## Recorded data
"""

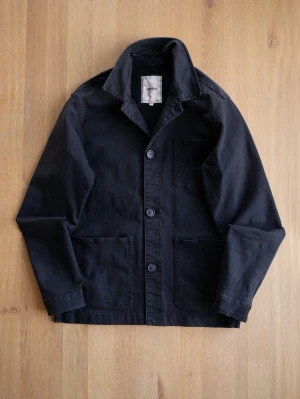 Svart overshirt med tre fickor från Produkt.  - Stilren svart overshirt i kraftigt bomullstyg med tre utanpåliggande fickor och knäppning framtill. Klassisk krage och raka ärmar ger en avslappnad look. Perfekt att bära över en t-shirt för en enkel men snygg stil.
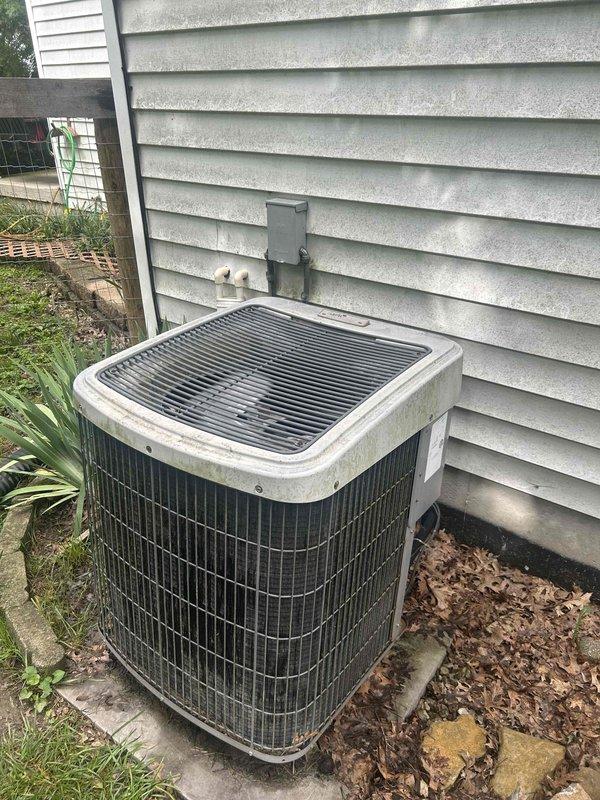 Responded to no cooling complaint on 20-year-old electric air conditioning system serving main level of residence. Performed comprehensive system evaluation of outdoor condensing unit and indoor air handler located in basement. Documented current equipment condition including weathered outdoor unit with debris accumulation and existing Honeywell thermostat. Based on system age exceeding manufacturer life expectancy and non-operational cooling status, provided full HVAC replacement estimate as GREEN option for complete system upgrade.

"""
"""

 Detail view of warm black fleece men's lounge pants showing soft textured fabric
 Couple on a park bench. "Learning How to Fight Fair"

"""
"""

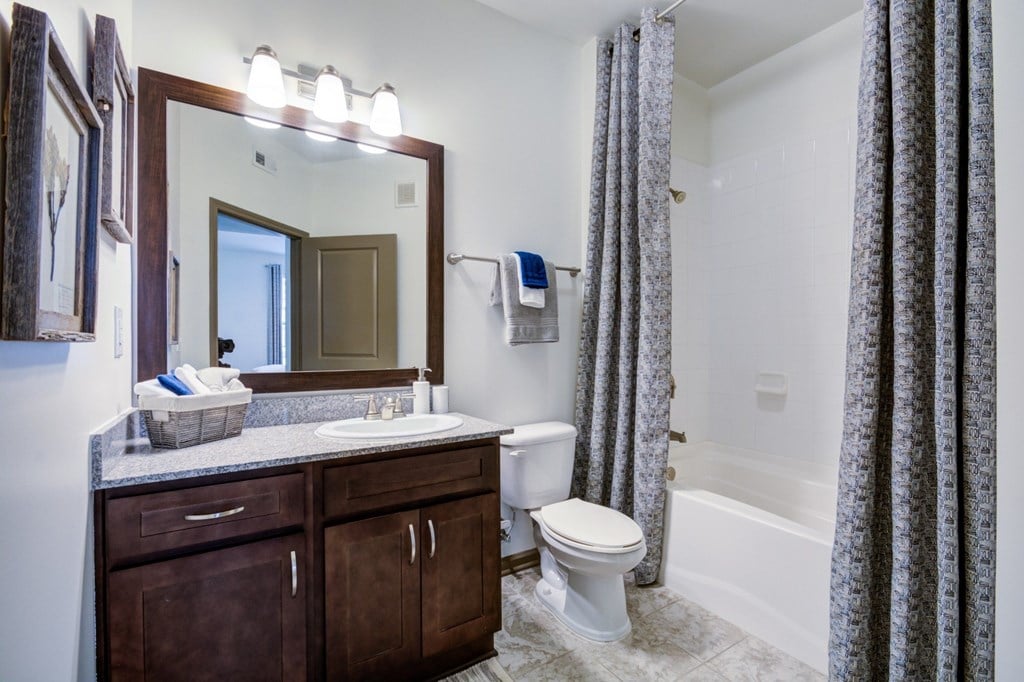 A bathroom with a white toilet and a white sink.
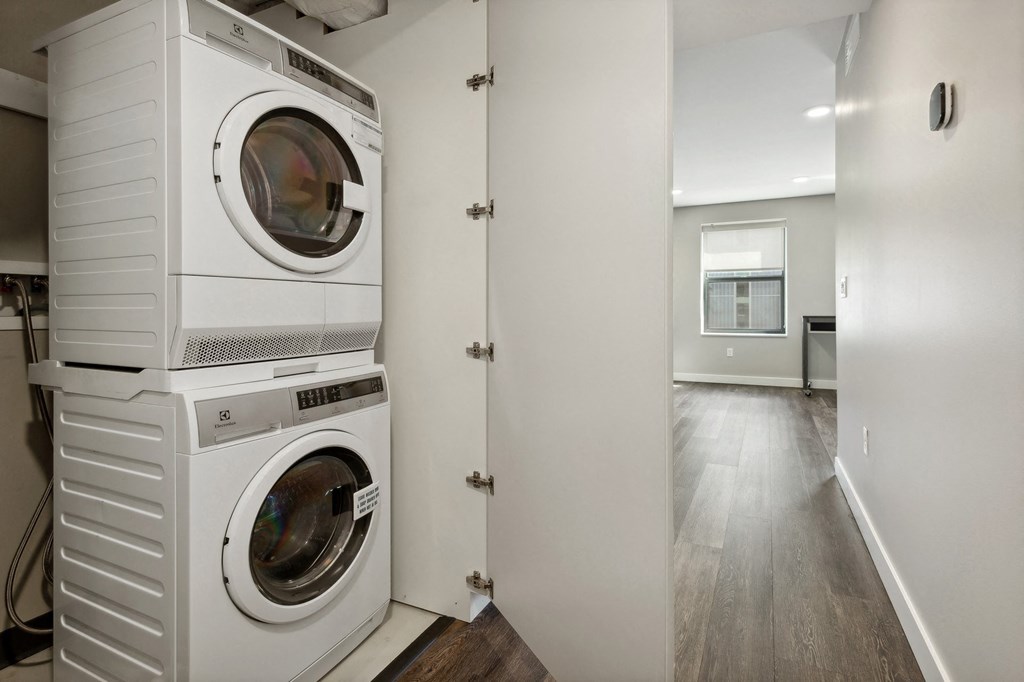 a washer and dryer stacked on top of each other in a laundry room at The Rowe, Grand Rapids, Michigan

"""

## About this exercise
With the line that has "Detail view of" as the first and the line that has "Couple on a" as the last, repeat exactly that run of lines above and no more.

## Output for this exercise
 Detail view of warm black fleece men's lounge pants showing soft textured fabric
 Couple on a park bench. "Learning How to Fight Fair"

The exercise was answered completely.